Kaybettiği zaman da yine Allah’a tevekkül eder ve “Rabbime hamd
olsun ki, dünyalık bu yükü benden aldı götürdü. Çok şükür ki, bu
vesileyle o yükün altından sıyrıldık.” der.
Terk-i dünyadan sonra terk-i ukbâ geliyor. Terk-i ukbâ ise, insanın
yaptığı ibadet u taati uhrevî bir mükâfat ve bedele bağlamaması
demektir. Allah’a kullukta bulunan, O’nun yolunda koşturan bir
insanın, “Allah’ım ben bu kadar namaz kılıyor, oruç tutuyor ve dine
hizmet adına koşturuyorum. Benim bu kadar koşturmama karşılık Sen
de Cennet’ini bana ver!” demesi, kendi konumunu bilmemesi, bir
gaflet ve küstahlık içine düşmesi demektir. Zira Cennet Allah’ın
fazlıyla insana lütfedeceği bir nimettir. Hazreti Ruh-u
Seyyidi’l-Enâm (aleyhi elfü tahiyyat) bu hakikati ifade etme adına
şöyle buyurur: “Hiç kimse ameliyle Cennet’e giremez.” Sahabe-i
kiram efendilerimiz: “Siz de mi ya Resûlallah?” diye sorunca da
şöyle cevap verir: “Allah rahmet ve fazlıyla sarıp sarmalamazsa ben
de giremem.” (Buhari, Merdâ 19) Evet, Cennet Allah’ın fazlının
neticesidir. Kulluk ve ubûdiyet Allah’ın hakkı, bizim ise
vazifemizdir. Ukbâyı terk meselesi işte bu açıdan ele alınmalıdır.
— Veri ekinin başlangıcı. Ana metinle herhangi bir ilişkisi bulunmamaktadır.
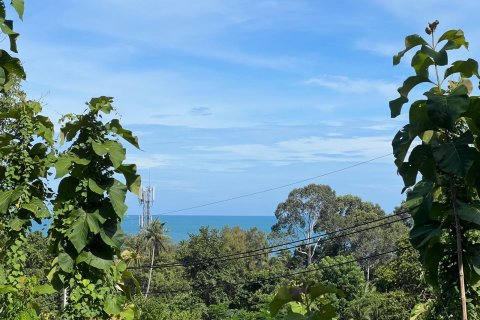 Земельный участок в Самуи, Таиланд № 146608 - фото 8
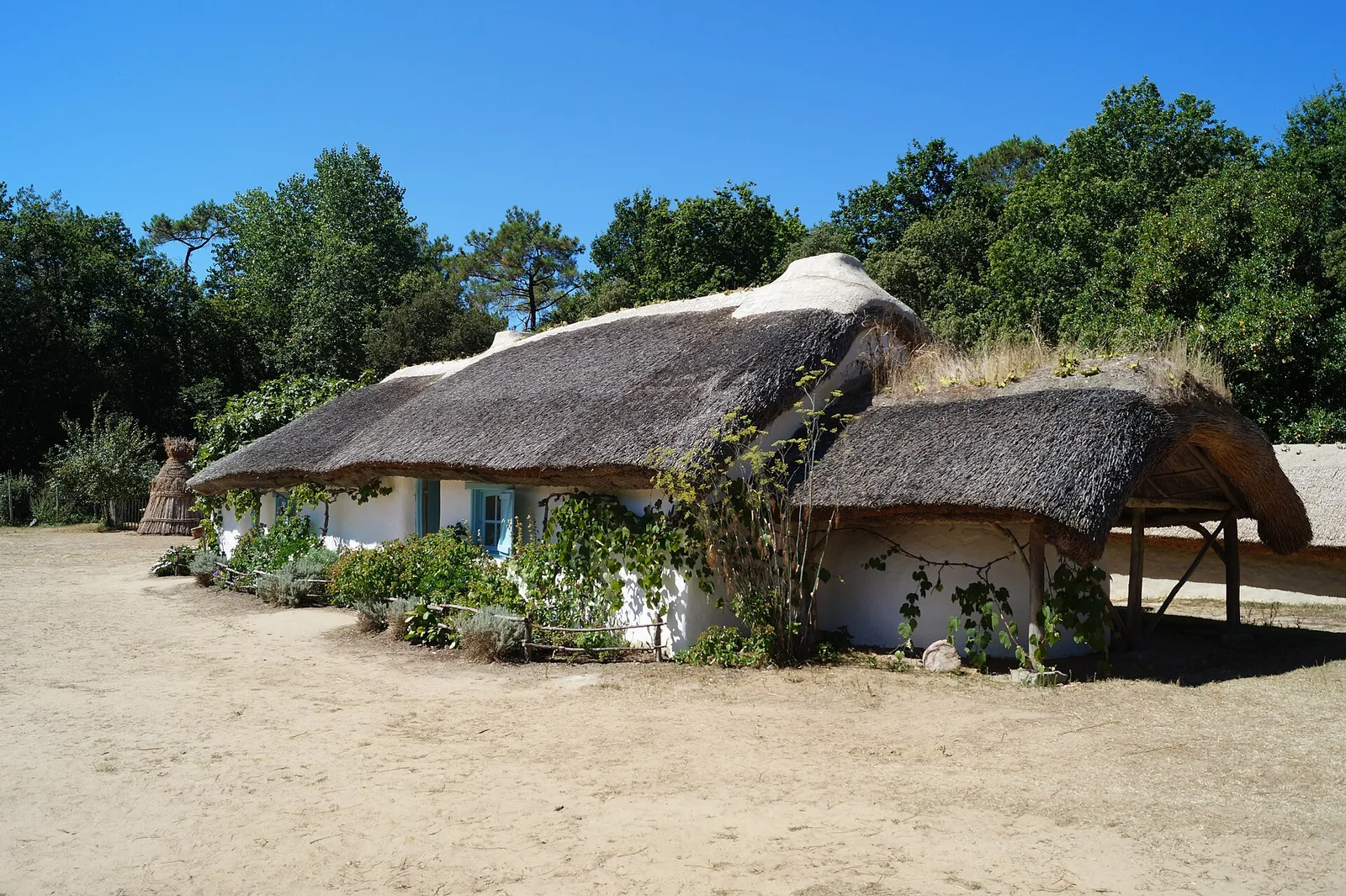 Bourrine du Bois-Juquaud — habitat traditionnel du marais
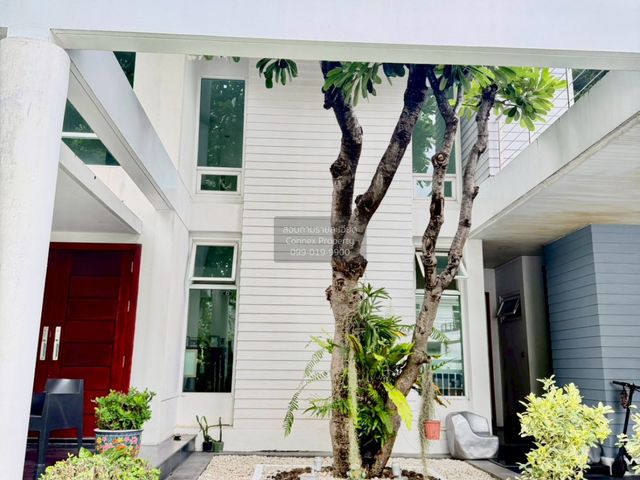 place photo 61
Yoksa ukbâyı terk, insan için, Cennet’i istememek ve Cehennem’den
sakınmamak demek değildir."
İNSANIN BENLİĞİNİ DE TERK ETMESİ
"Nakşîlerin üçüncü düsturu terk-i hestîdir. Bunun mânâsı, insanın
kendini nefyetmesi, kendini düşünmemesi demektir. Meselâ namazda,
Allah huzurunda kullukta bulunurken, insanın kendinden sıyrılmaya
talip olması, kendini bütün bütün silmesi terk-i hestîdir. Öyle ki,
o insan, namaza durduğu esnada, âdeta “Acaba ben var mıyım, yok
muyum? Şayet yoksam, nasıl oluyor da, dudaklarımdan niyete dair bu
lafızlar dökülüyor. Demek ki varım. Hâlbuki O’nun var olduğu yerde
ben nasıl var olabilirim ki? Bir yerde sonsuz varsa, onun
karşısında sadece sıfır vardır. O hâlde bana düşen sadece sıfır
olmaktır.” diyecek kadar, kendisinden sıyrılma gayreti içinde
olmalıdır. Evet, terk-i hestî, insanın kendisini bütün bütün yok
farz etmesi demektir. Bizim varlığımız O’nun varlığının ancak
gölgesinin gölgesinin gölgesinin gölgesinden ibarettir.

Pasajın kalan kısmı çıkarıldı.